The reality is, I am at a loss within this loss. I think that I have been trying navigate grief “properly” but haven’t given myself any room to mourn. That said, I’m for sure guilty of having said, “oh yeah my mum died, but all mums die so I’m fine, really.” I am not fine. I will never be fine. I’m starting to come to terms with fine is a way to describe hair which is thin, or the edge of something. It’s not thick enough to encompass whatever this is.
There was barely enough time to deal with the reality of the thing before the thing was upon us, and while I don’t think anyone can every really be “prepared”, I took on this sort of, be practical now, and be sad/mourn later. Except that grief is liquid and finds a way into the spaces that one didn’t know existed. Like holes in the roof which only make themselves known when it rains. You’d love to fix them, but on good days, the holes aren’t so apparent.
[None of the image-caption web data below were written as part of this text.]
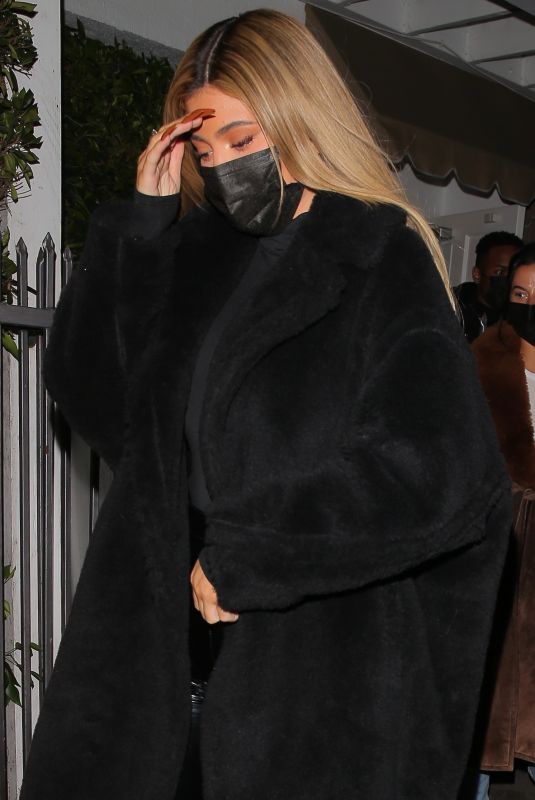 KYLIE JENNER Leaves Giorgio Baldi in Santa Monica 11/13/2020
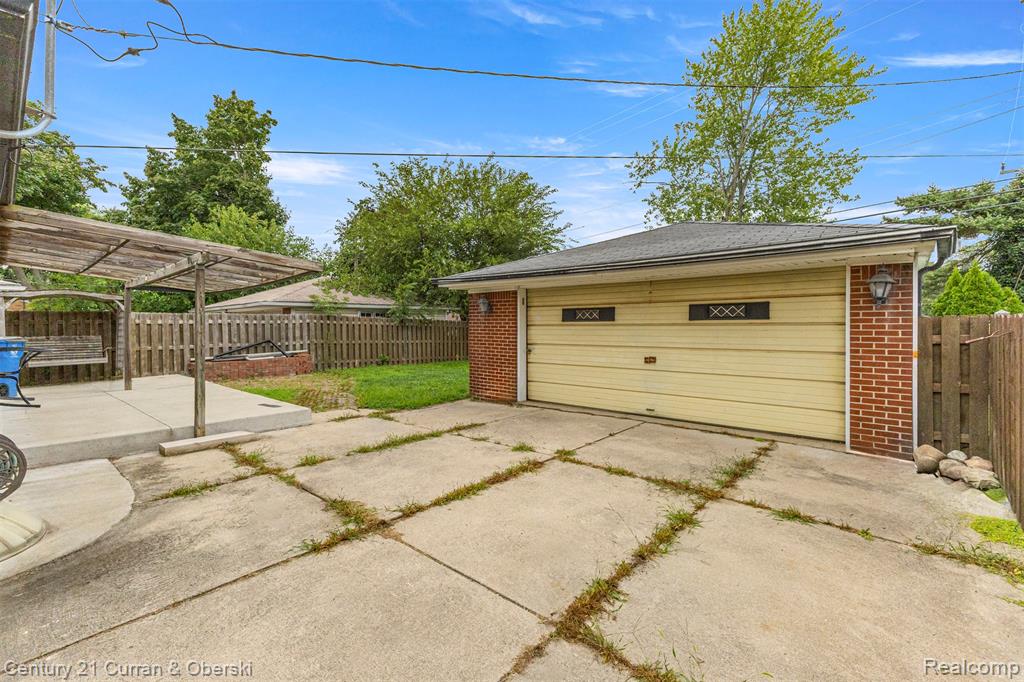 main property photo 22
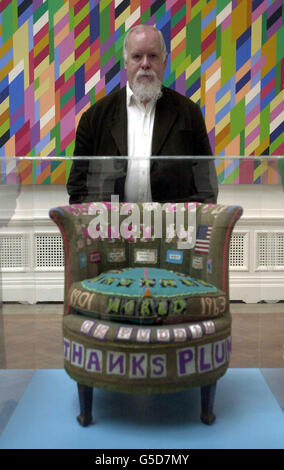 L'artiste pop Peter Blake se dresse entre des pièces de Tracey Emin (devant) et Bridget Riley (arrière) à la Royal Academy of Arts de Londres. En tant que Senior Hanger pour l'exposition d'été, Blake installe des œuvres de certains des grands noms de l'art britannique contemporain * - y compris Damien Hirst et Sarah Lucas. Parmi les autres artistes invités, citons Jake et Dinos Chapman, Gary Hume, Bridget Riley et Sam Taylor-Wood. L'exposition ouvre en juin 5 et se déroule jusqu'en août 13 2001. Banque D'Images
Unless one plans to blanket a tarp over the whole damn thing, which my dad tried with our actual roof and it did not work all that well, sometimes it’s necessary to dig down a bit, and fix it properly. But how does one do that when trying to navigate a society where openly discussing death and grief, and even having days where you give yourself permission to do “nothing” are not really given space? Capitalism doesn’t care about your feelings!!! Plus, I’m kind of British so stiff upper lip and all that? But I’m also kind of Irish so sing a bit, wail a bunch, and drink a lot? There has to be a happy medium here somewhere.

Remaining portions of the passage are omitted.